Mathematical Analysis of Descent Algorithms in Artificial Intelligence: Convergence, Loss Landscapes, and Structural Optimization

Wenxin Lyu

doi:10.54254/2755-2721/2025.21892

1. Introduction

Artificial Intelligence (AI) has become a vital tool across people’s life and work, revolutionizing industries with its ability to learn from data. The ability of learning from data relies heavily on optimization algorithms. Among these, descent algorithms iteratively adjust weights and other parameters in neural networks based on gradient information. These algorithms are used to minimize the loss function, which measures the difference between optimal value and the actual value. By minimizing the loss, descent algorithm helps the AI model improve its ability to make accurate predictions. Mathematically, like M-estimator (a maximum-likelihood estimation) [1], given a dataset D and a model parameterized by θ, the goal is to solve:

\( {θ^{*}}=arg{\underset{θ}{min}{L}}(θ,D) \)

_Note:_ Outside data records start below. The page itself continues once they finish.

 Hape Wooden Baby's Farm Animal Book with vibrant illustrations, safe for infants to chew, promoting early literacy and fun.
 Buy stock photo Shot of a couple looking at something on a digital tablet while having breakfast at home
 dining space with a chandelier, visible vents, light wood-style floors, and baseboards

where L (θ, D) is the loss function. The descent algorithm iteratively updates θ using gradients of L.

Variants such as Stochastic Gradient Descent (SGD) offer additional improvements by refining the optimization process and allowing models to converge more efficiently.

1.1. Mathematical Challenges and Research Directions

In the optimization of descent algorithms for AI learning, several mathematical challenges arise that require ongoing research to address. One key issue is ensuring the convergence of optimization algorithms, particularly in the context of complex, non-convex loss landscapes [2]. In non-convex problems, the optimization process may get stuck in local minima or saddle points, which makes it difficult to find global solutions. Research into techniques such as saddle point avoidance and escape mechanisms continue to explore how to overcome these challenges.

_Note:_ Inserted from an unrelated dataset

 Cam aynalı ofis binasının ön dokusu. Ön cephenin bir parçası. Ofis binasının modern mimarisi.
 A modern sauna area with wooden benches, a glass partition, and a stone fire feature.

Another important mathematical aspect is the design of efficient convergence rates. Under- standing and deriving convergence rates for descent algorithms under different conditions—such as with varying step sizes and complex neural network architectures—remains an open area of re- search. Moreover, the role of regularization in optimization is a critical subject, as it helps prevent overfitting by controlling the complexity of the model. Research into the optimal balance between model complexity and generalization performance is an ongoing effort.

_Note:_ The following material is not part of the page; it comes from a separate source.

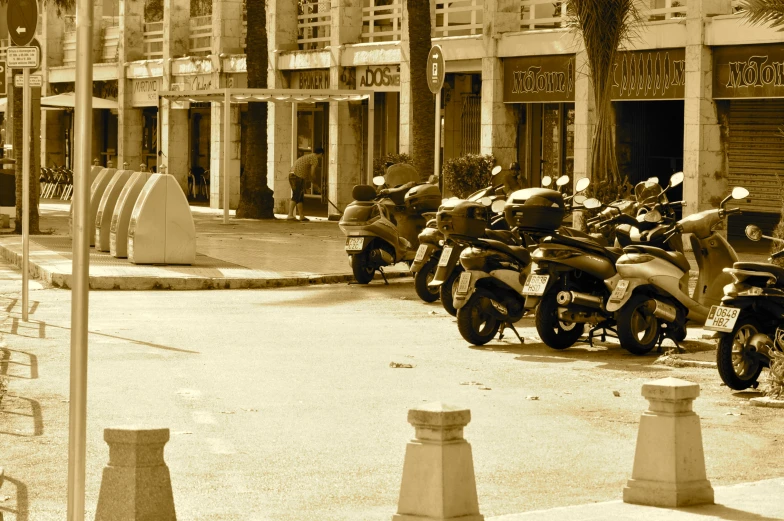 the motor cycles are lined up on the road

In general, the mathematical foundations of AI optimization offer numerous research directions, from improving algorithmic efficiency to deepening the theoretical understanding of how different models converge during training.

2. Foundations of Descent Algorithms

Descent algorithms are a fundamental class of optimization techniques widely used in machine learning and artificial intelligence. These algorithms iteratively update model parameters, guiding the system towards an optimal solution. The most common method, gradient descent, relies on the gradient of the loss function to determine the direction of updates. In the following section, the article will explore the mathematical foundations of descent algorithms.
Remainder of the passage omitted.